Advances in optical technologies such as smartphone cameras and the expansion and development of cloud storage systems open up opportunities through holographic solutions, Microsoft said.
"Growth in demand for cloud storage has highlighted the need to rethink our storage systems from the media up," Microsoft said.
Holography promises extraordinary improvements in storage capacity because for the first time, storage media will not be restricted to two surfaces of a storage disk but, rather, will take advantage of the volume of the media used.
Holographic storage uses an optical crystal to read and write data. Using the entire volume of the crystal, an enormous number of data sets can be stored. Erasing is easily accomplished through the use of UV light. Researchers say this is more efficient than flash devices, which not only are more expensive but have limited read and write capacities. It also is superior to hard drives that depend on movable parts subject to wear and tear.
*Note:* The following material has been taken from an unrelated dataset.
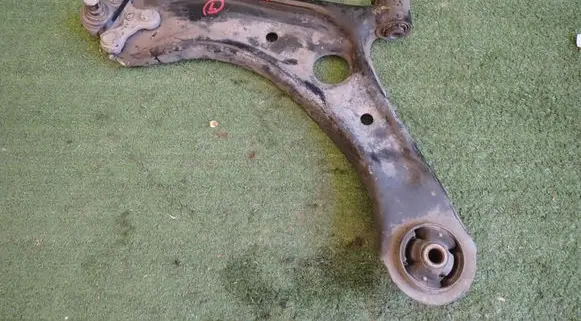 KIA Sportage Front lower control arm/wishbone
"The hologram occupies a small volume inside the crystal, which we think of as a zone, and multiple pages can be recorded in the same physical volume or zone," Microsoft said. Recent software improvements achieved through AI allowing for one-to-one pixel matching, for instance, mean simpler and less expensive optics can be used to achieve even better results than before.
So far, Microsoft Research says it has attained a near doubling of density in holographic storage tests, and that it expects improved compression and faster access rates in the coming months.
The Project HSD team is composed of experts in physics, optics, machine learning and storage systems. It is part of the Optics for the Cloud group at Microsoft Research Cambridge, which is exploring storage solutions based on cloud and optic technologies.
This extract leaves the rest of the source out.